Aboriginal Resource Centre marks winter solstice custom

Volunteers for Winter Dash on Wednesday, honouring importance of winter solstice in Aboriginal cultures. (Patrick Simpson) Volunteers for Winter Dash on Wednesday, honouring importance of winter solstice in Aboriginal cultures. (Patrick Simpson)

Patrick Simpson

News reporter

Humber’s North campus Aboriginal Resource Centre marked the holiday season on Wednesday with a festive dinner called a Winter Dash, meant to overlap the winter solstice which is rooted in indigenous cultures.

Students, faculty, guests and volunteers enjoyed a hot meal along with games, a secret Santa gift exchange, and some attendees even got to build a gingerbread house.

The gathering was a year-end celebration for the centre and acted as a break for indigenous students, and students who volunteered in past Aboriginal Resource Centre events.

“I think it’s good opportunity to get people together,” said Charles Petahtegoose, a 23-year-old second year civil engineering student. “You know it’s hard when people are trying to reach out. This is a good opportunity to get people to bond, to come closer together.

“It helps students socialize and bond with other students. I know for myself, I come to events, I’ve made friends.
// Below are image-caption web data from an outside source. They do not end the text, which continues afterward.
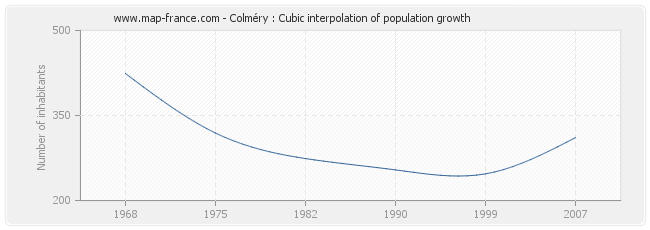 Colméry : Cubic interpolation of population growth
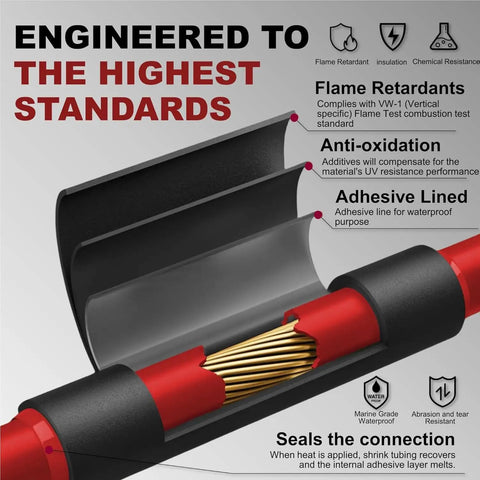 Cross-section of Red Heat Shrink Tubing 3 to 1 Ratio 9.5mm 20ft Dual Wall With Adhesive Liner showcasing waterproof seal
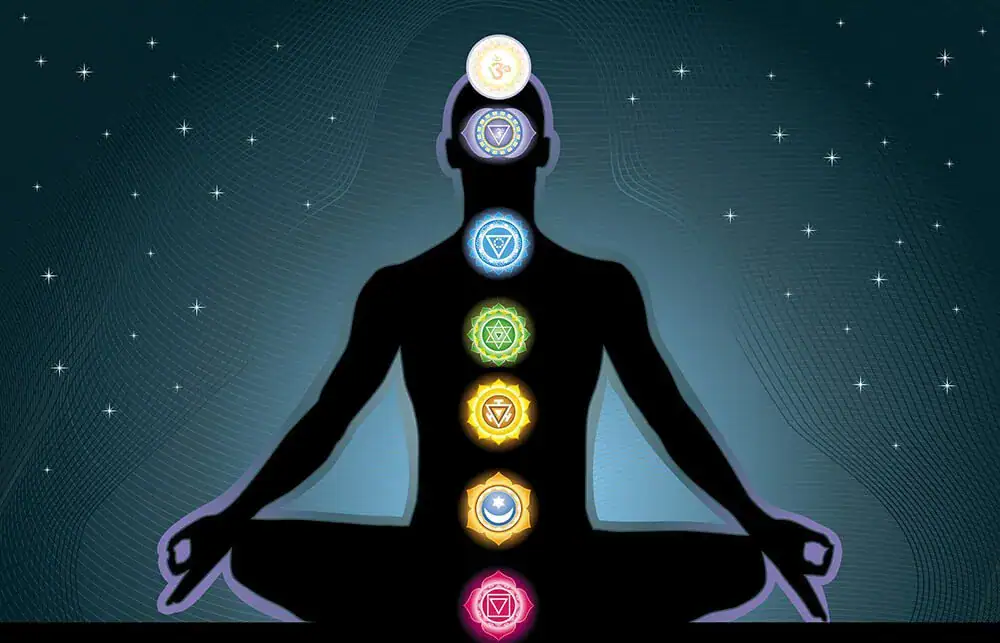 chakra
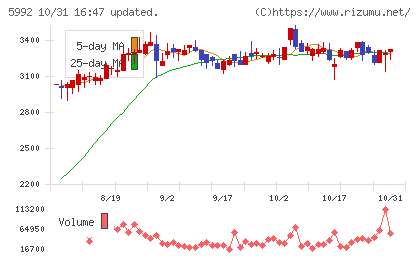 中央発條チャート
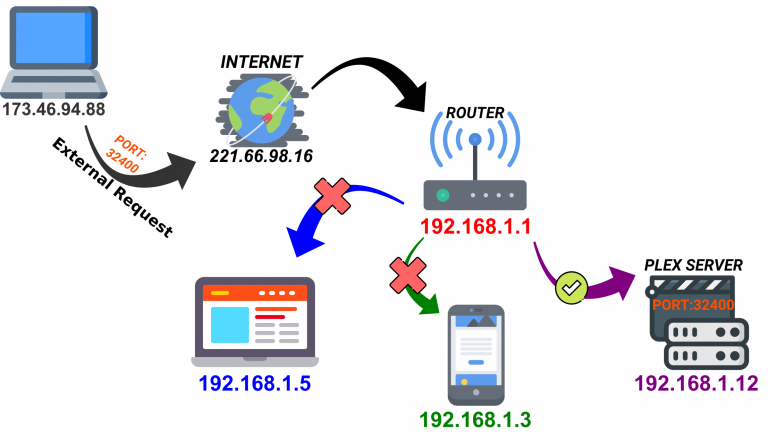 Port Forwarding Explained – My Terminal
It really helped me adjust to Toronto life,” he said.

Linh Tran, 19, a first year business accounting student, said the Winter Dash is a great way to meet like-minded students from both Lakeshore and North campuses.

“They bring people together and it gives you a chance to meet people with the same interests as you, and I really like to get involved in events like this,” Tran said.

Regina Hartwick, manager at the Aboriginal Resource Centre, said the occasion is meant to help students relax before final exams start.

“It’s an opportunity for students and staff to get together and to share in the season and also have a real break because it’s a really stressful time for students at this particular moment,” Hartwick said.

Kelsie Johnston, an Aboriginal Liaison officer at the centre, said the event was about uniting the students that attend the centres at Lakeshore and North campuses.

“We do a lot to try and interact with one another, just because for us it’s not just about the resources that we can give but the community that we can create here for our students and staff,” Johnston said.

She said indigenous events like the Winter Dash allow students outside of the centre to know of the influence aboriginal culture has on our Canadian history.

“We want students and staff at Humber to recognize that you’re on indigenous territory especially. I work at the Lakeshore campus more so, but Toronto for example comes from an indigenous word, Tkaronto,” Johnston said.